Task description:
Write out exactly the lines from the one containing "In the post-Reconstruction" through the last line of the records below, both included, and leave out any pictures.

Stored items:
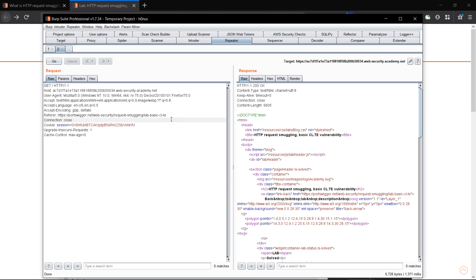Hello everyone, my name is Aditya, and today we are going to do a live demo of HTTP request smuggling on PortSwigger's Web Academy. So let's start.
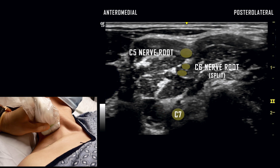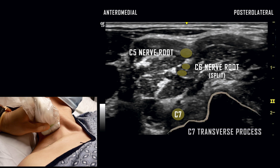The split C7 nerve root has now coalesced and is visualized next to the C7 transverse process. C7 is uniquely configured with a prominent posterior tubercle and a largely absent anterior tubercle.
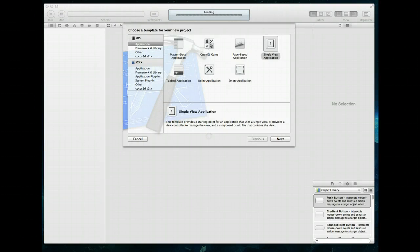Hello everybody and welcome to this iOS development tutorial. In this video we're going to be taking a look at UIWebView, which is one of the most versatile classes that an iOS developer has in their toolkit. We're specifically going to look at how you can load an external page like google.com into it, and also how you can load a file within your application bundle into the web view. Both of these are techniques used quite a bit within applications you can download from the store today.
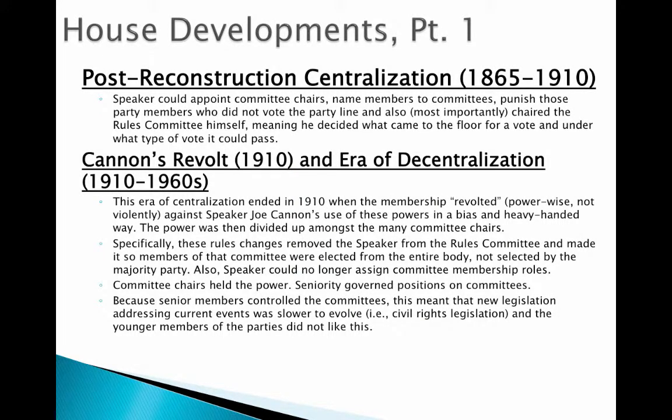In the post-Reconstruction years, the Speaker was gaining more power. The Speaker would appoint committee chairs, name members to committees, punish party members who did not vote the party line, and chair the Rules Committee. As we talked about in the previous lecture, the Rules Committee is very important in terms of what legislation gets heard and how it gets heard. If the Speaker chairs the Rules Committee, that is a very powerful way to influence legislation.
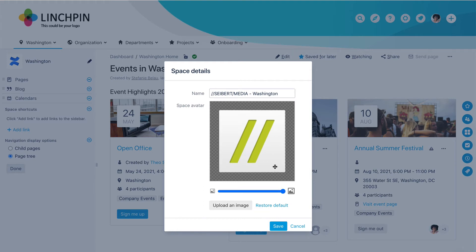If you want to use Confluence's default avatar again, click Restore Default. Otherwise, click Save.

Solution for this task:
In the post-Reconstruction years, the Speaker was gaining more power. The Speaker would appoint committee chairs, name members to committees, punish party members who did not vote the party line, and chair the Rules Committee. As we talked about in the previous lecture, the Rules Committee is very important in terms of what legislation gets heard and how it gets heard. If the Speaker chairs the Rules Committee, that is a very powerful way to influence legislation.
If you want to use Confluence's default avatar again, click Restore Default. Otherwise, click Save.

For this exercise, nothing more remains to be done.